Ce qui était pertinent dans son approche était justement de ne pas se focaliser sur la problématique de la faible représentation des femmes dans l’IT, mais d’ouvrir plus largement la question sur le peu de mixité dans nos métiers.
Adam Bien : JEE
Certes Adam Bien porte des sujets relatifs à JavaEE qui en feraient fuir plus d’un (les technologies web innovantes sont plutôt les thèmes qui attirent dans ce genre de conférences) mais quelle bouffée d’air frais de voir un architecte aussi pragmatique! Quand on pense aux nombreux architectes que l’on croise dans nos DSI françaises qui vous montent des architectures à 10 couches en vous traitant de Padawans quand vous tentez d’expliquer que parfois un seul module suffit et qu’on peut se passer de tout interfacer!

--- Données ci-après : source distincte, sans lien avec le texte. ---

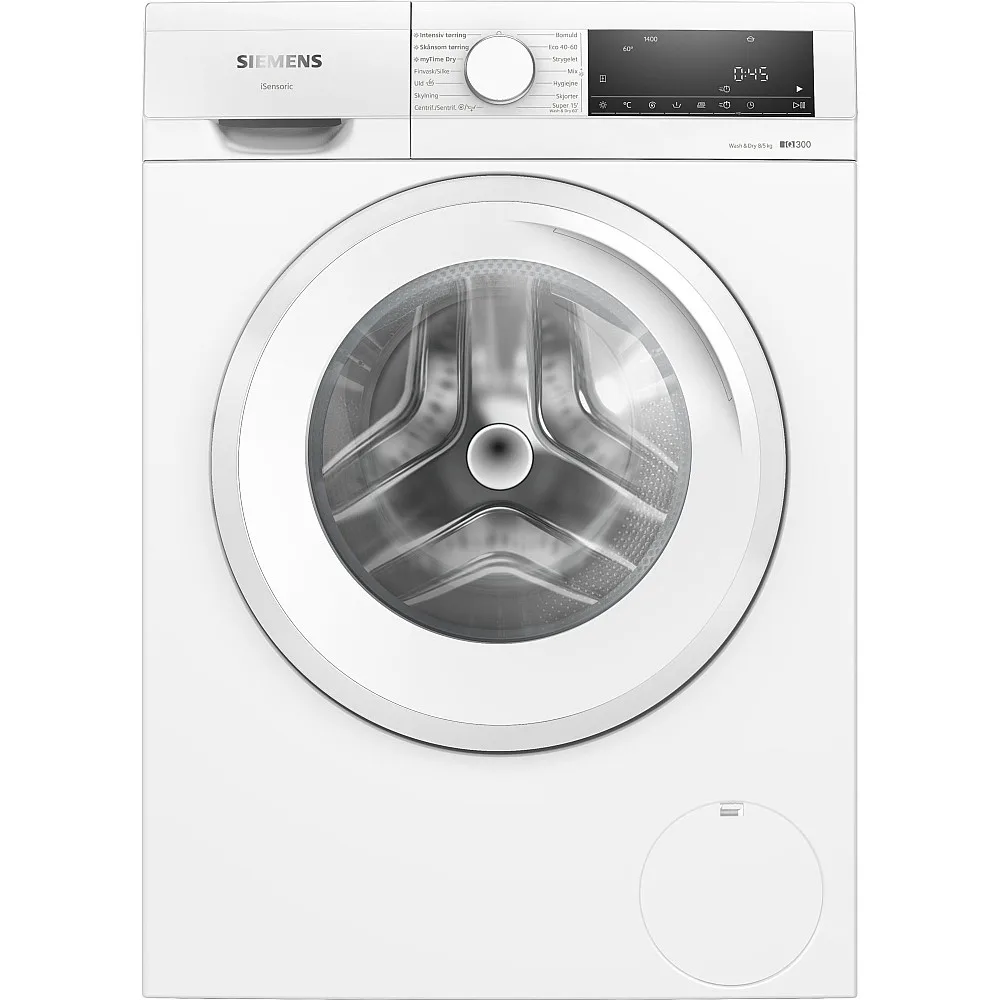Tvättmaskin med Torktumlare Siemens iQ300 WN34A1L0DN Snabbtvätt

Adam nous explique également que 30% de couverture de code sur vos tests unitaires peuvent être tout à fait acceptables : il est plus important d’être vigilants sur leur pertinence, plutôt que sur le seul pourcentage de couverture global. L’essentiel est qu’ils couvrent le code métier intelligent.
Bref, grand plaisir à suivre le talk de ce Java Champion aux multiples casquettes et à forte expérience : il travaille sur les technologies Java depuis le JDK 1.0, il est l’auteur de nombreux ouvrages (notamment sur Java EE et les Patterns associés à la plateforme (voir son blog) et est membre du groupe d’experts pour les JSRs Java EE 6 EJB 3.1 et JPA 2.0.
Process, process, process
Mais la session qui nous aura le plus plu ne fut pas technique, contre toute attente. Chet Haase, l’acolyte de notre charmant compatriote Romain Guy avec qui il présenta de multiples sessions sur Android (leur activité chez Google), assura également une session incroyablement drôle intitulée : “The Future of Software Development Process Methodology Effectiveness”. Il y racontait, sur le ton caricatural d’un consultant organisationnel (vous savez, ceux qui sont payés trois fois plus cher que vous pour expliquer et formaliser comment travailler sans à avoir à le faire), différentes méthodologies avancées de développement, avec moult diagrammes justifiant par leur complexité combien elles sont plus efficaces.
En attendant de trouver l’enregistrement vidéo sur Parleys, vous pouvez remercier Pierre-Antoine Grégoire de nous en fournir un screener pirate, qui vous permettra d’apprécier combien Chet Haase maîtrise l’art du stand-up, avec lequel il a adapté un de ses anciens articles de blog “Crystal Meth-odology, a blog article by Chet Haase”.
Les soirées
En soirée, des BOFs en comité réduit permettent aux différentes communautés de se retrouver et d’échanger. Agnès a pu ainsi croiser l’essentiel de ses amies Duchess.
Les JUGs leaders peuvent également y retrouver des responsables Oracle pour améliorer l’organisation et remonter leurs problèmes.
Et quand Devoxx est fini, de nombreuses soirées plus ou moins officielles mais dans tous les cas fortement arrosées de bière se déroulent dans les différents pubs alentours ou du centre-ville. Mais on peut aussi aller profiter des merveilles architecturales de la ville d’Anvers.
Devoxx est donc vraiment le raout incontournable de la communauté Java, le point névralgique où tout le monde converge pendant une semaine. Vous y avez l’opportunité de discuter avec les gens qui la constituent, de suivre les talks de nos stars, et de vous perdre dans des discussions techniques jusque tard dans la nuit.
On y retournera très certainement l’année prochaine, et on ne peut que vous encourager à faire de même!